Dee Binder, a Mandeville resident who has served with the Red Cross since 2004, has been recognized as the Don Hampton Volunteer of the Year for “exhibiting outstanding and unique volunteer service within the VOAD movement” in the past year.
Binder’s vision and leadership in disaster planning was apparent during Louisiana’s August 2016 flood as the feeding plan she co-wrote with volunteer Amy Stoodt was implemented. Coordinating with Louisiana emergency officials, faith-based and other community partners and volunteers, Dee and her team were able to help tens of thousands. The Red Cross response included more than 79,800 overnight shelter stays and more than 1.3 million meals and snacks served – efforts Binder directly influenced.
“Volunteers are the lifeblood of disaster response and recovery in this nation. Dee Binder exemplifies the impact that one volunteer can have on thousands of survivors,” said Gregory A. Forrester, president and CEO of NVOAD. “Dee planned for a catastrophic event, found other team members, developed additional resources, and then when disaster struck, she launched the plan. Given resources and the ability to follow her heart, Dee showed that every volunteer can make an exponential difference in the recovery of a community.”

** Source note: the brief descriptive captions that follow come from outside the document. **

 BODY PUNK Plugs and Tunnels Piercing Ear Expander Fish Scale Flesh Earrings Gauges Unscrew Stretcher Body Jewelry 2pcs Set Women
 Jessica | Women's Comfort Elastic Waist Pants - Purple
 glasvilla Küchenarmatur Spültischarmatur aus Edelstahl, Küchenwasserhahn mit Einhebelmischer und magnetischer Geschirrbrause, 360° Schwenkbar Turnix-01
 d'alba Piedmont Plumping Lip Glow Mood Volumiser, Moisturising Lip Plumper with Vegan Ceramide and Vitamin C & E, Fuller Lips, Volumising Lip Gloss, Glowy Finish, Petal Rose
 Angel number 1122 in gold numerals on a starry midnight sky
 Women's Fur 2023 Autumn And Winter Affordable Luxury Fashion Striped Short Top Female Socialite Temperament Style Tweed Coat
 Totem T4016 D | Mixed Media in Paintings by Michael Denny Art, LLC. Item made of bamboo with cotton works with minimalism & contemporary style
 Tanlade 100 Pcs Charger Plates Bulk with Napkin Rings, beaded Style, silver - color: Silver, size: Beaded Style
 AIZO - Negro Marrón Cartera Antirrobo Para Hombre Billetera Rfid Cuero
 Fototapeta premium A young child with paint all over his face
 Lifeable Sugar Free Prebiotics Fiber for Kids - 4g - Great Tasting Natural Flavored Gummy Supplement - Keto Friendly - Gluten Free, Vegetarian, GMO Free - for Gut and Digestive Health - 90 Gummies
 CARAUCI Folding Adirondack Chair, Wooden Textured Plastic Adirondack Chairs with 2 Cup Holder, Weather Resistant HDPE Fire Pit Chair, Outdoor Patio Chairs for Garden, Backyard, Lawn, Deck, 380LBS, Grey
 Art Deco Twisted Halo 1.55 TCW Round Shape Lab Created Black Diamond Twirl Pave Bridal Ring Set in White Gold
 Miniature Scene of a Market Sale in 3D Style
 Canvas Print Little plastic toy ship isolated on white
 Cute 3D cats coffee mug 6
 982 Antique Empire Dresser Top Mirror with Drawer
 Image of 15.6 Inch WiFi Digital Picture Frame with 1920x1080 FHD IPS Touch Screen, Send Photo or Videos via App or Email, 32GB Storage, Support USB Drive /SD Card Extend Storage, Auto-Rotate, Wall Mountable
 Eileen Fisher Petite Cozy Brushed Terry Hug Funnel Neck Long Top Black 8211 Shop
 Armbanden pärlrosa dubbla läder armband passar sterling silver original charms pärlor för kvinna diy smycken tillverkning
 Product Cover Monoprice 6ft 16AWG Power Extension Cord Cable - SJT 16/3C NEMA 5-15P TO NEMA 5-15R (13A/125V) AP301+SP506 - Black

NVOAD – an association of faith-, community-, and other non-government organizations – seeks to build community resiliency throughout the disaster cycle. The prestigious award was presented in Houston at its 25th annual conference last month that included workshops and service projects, as well as the Awards Dinner celebrating State VOAD of the Year, National Member of the Year, and Partner of the Year.
Binder has served thousands of hours in her 13 years of service with the Red Cross in Louisiana. Her skills as a planner and organizer moved her beyond daily disaster response at a community-based level to a leadership position for the state as the mass care (shelter and feeding) leader. Through the process, she identified and developed a dedicated team of volunteers, inside the Red Cross and with partners like the Southern Baptists, who agreed to serve as points of contact during disaster response.
“The volunteer efforts, partner collaboration and leadership demonstrated by Dee Binder during the flooding in Louisiana and many other disasters truly reflect the hard work and spirit of the voluntary sector,” said April Wood, senior director of the American Red Cross Community Mobilization and Partnerships program. “She represents the true meaning of this peer-nominated award.”
The August 2016 floods had no advance warning and contrast starkly with most emergency shelter plans, using hurricanes as a baseline, that allow for 120+ hours leading up to an event.
“This is where Dee’s detailed planning, passionate supervision and intimate knowledge of partners’ skills and strengths came to the forefront,” said Joshua Joachim, chief executive of the Red Cross in Louisiana.
“Thanks to that planning, Dee and her team were able to provide a hot meal to neighbors in need from the very first one served – for more than 40,000 hot meals a day during the peak of the flood response.”
And when other disaster response partners were able to begin their operations, Binder and her team coordinated through the daily FEMA-led statewide feeding task force call and assimilated their feeding routes into those already in place to ensure maximum reach with little duplication. Binder’s efforts in mass care ran through November, in a disaster response that became the largest the Red Cross has responded to since Hurricane Sandy in 2012.
“When Dee’s plans were rerouted due to inaccessible areas, Dee and the Red Cross feeding team worked with partners who were able to engage quickly to help set up feeding drops for hundreds of neighbors forced from their homes because of rising floodwaters,” Joachim said. “She was tireless, she was compassionate, and she was driven by a desire to leave no one hungry.”
Binder recognizes that all sectors of a community’s disaster response must work together to build a more resilient, united front. She credits building a team of volunteers who bring skill sets that put “a backbone to my knowledge.”
“Over the years, I have worked with amazing people, who like us all, have chosen to become part of something greater than ourselves – uniting during disasters to show those suffering that they are not alone, giving them hope that things will get better,” Binder said at the national awards ceremony in Houston.